Udhay Shankar N wrote:
1. I once said, a couple of decades ago, that "the net is about sociology, not technology" (which got me quoted, among other places, in _The Cluetrain Manifesto_). Picking up from there, it seems that today's devices are more about biology and psychology than technology.
Well, psychology has always had a big role to play in good design. My specialty, back when I did electronic design, was creating (hardware) human interfaces that were logical, effective, and attractive. Psychology -- particularly a deep understanding of the typical user -- was key to this.

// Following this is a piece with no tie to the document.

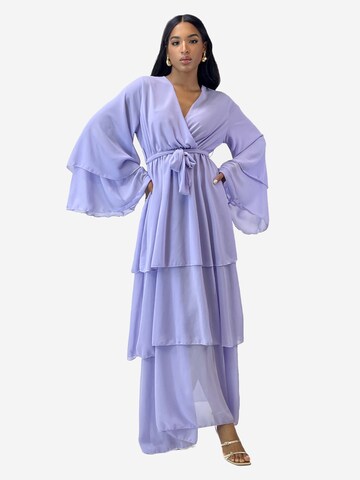 Robe Elara en violet : devant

What struck me most about the piece was Volvo's consideration for weaning users off the old interface gently as they introduced a new control paradigm. This is why old farts like me are having as much trouble as we do adapting to smart phones -- there's a break from both the telephone and the computer interfaces we were accustomed to, and the smartphone obliged us to learn both at once. Bad design by this standard.
It's easy to say that there will always be a market for "old-fashioned phones that just make phone calls"; it's much harder to say, "We muffed the transition, now we have to go back and redo it for those we left behind."
With Moore's Law seemingly still in command of the rate of progress, designers run the risk of leaving great numbers of people behind when change is imposed, and a great opportunity to engineer not only the new device, but the transition, so that we can bring nearly everyone along with us.